So I came up with a proof for the following problem:
Let $A$ and $B$ be connected subspaces of a topological space $(X,\tau)$. If $A\cap B \neq \emptyset$, prove that the subspace $A\cup B$ is connected.
And I was hopping that someone could validate my proof, and maybe,if I'm correct, point some things that I could improve with my proof.
My proof:
Let $U,F \in \tau_{A\cup B}$ such that $U\cap F = \emptyset$.
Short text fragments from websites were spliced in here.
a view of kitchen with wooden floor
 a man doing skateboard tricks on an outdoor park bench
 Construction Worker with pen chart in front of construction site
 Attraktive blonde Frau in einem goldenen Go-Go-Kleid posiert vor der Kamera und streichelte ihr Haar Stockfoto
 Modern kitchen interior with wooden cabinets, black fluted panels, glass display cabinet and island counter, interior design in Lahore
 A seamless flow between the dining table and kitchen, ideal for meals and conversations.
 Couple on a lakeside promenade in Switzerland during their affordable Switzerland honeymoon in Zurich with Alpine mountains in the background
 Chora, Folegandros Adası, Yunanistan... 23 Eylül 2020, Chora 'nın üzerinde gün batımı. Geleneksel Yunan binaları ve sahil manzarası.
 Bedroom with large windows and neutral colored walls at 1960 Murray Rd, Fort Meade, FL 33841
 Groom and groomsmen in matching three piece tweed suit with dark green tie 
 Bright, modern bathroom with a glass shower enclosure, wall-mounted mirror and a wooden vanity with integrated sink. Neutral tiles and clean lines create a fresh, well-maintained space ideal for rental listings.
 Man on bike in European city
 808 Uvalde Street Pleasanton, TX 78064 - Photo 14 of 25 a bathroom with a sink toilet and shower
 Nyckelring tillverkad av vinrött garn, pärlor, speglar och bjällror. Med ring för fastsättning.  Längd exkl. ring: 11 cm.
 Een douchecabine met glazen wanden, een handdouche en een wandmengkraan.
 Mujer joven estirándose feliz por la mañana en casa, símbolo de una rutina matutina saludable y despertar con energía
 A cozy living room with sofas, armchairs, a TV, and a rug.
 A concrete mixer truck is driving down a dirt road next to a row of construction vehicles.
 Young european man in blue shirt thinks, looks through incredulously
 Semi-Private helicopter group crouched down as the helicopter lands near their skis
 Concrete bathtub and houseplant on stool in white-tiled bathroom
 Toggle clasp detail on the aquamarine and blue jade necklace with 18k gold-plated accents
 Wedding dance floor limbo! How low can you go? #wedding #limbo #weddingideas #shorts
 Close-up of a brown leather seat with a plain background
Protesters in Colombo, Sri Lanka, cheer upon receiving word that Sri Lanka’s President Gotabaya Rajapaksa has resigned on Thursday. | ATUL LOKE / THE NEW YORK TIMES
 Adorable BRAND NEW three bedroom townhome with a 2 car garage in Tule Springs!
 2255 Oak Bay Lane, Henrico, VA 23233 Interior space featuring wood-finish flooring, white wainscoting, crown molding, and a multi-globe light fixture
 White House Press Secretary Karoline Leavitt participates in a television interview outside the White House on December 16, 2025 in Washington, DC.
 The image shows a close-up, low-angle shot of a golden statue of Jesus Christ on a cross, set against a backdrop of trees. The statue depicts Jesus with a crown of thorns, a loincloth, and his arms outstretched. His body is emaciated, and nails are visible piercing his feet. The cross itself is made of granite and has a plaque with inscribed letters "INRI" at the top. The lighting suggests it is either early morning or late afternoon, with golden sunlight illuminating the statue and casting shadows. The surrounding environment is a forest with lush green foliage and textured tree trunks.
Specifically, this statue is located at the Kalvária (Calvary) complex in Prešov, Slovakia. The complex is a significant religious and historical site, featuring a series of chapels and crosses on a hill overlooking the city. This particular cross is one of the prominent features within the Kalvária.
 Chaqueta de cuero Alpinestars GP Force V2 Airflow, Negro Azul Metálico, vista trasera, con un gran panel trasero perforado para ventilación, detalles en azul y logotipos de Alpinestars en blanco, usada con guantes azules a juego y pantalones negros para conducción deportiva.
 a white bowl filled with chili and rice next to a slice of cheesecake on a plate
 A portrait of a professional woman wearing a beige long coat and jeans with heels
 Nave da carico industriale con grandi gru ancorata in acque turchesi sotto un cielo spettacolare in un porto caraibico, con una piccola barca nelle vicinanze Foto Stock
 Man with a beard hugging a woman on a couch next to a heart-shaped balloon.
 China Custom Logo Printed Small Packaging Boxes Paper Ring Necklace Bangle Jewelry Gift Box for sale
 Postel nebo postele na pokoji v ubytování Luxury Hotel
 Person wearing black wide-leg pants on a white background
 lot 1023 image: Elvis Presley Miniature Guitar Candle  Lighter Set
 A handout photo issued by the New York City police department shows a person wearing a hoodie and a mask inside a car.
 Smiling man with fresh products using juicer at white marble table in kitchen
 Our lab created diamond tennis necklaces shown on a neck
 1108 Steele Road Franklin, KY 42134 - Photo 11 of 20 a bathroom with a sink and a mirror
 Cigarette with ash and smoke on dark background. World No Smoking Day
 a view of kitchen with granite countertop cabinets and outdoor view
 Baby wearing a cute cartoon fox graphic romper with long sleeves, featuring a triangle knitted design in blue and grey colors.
Because $U,F \in \tau_{A \cup B}$, then $\exists U',F' \in \tau: U = U'\cap(A\cup B)$ and $F = F'\cap(A\cup B)$. We can use this expressions for $U \cup F$ and show that it cannot be equal to $A \cup B$, concluding that $A \cup B$ is connected.
So we have that:
$$\begin{align}
&U \cup F =(U'\cap(A\cup B))\cup(F'\cap(A\cup B))=
\\
\\
&=[\underbrace{(U' \cap A)}_{U_A} \cup\underbrace{(F' \cap A)}_{F_A}]\cup[\underbrace{(U' \cap B)}_{U_B} \cup\underbrace{(F' \cap B)}_{F_B}]=
\\
\\
&=(U_A \cup F_A) \cup (U_B \cup F_B)
\end{align}$$
We have that $U_A,F_A \in \tau_A$. Because $U \cap F = \emptyset$, then it's trivial that $U_A \cap F_A = \emptyset$. So, because $(A,\tau_A)$ is a connected space we have that $U_A \cup F_A \neq A$. In the same way we conclude that $U_B \cup F_B \neq B$.
So we end up with:
$$\underbrace{(U_A \cup F_A)}_{\neq A} \cup \underbrace{(U_B \cup F_B)}_{\neq B} \neq A \cup B$$.
This concluding that $\nexists U,F \in \tau_{A \cup B}: U \cap F = \emptyset \wedge U \cup F = A \cup B$, thus the subspace $A \cup B$ is connected.
Best Answer
The proof is excessively complicated.
Prove that A is connected iff for all continuous f:A -> {0,1}, f is constant valued function.
With that easy to prove theorem, the proposition you're wanting to prove is simple.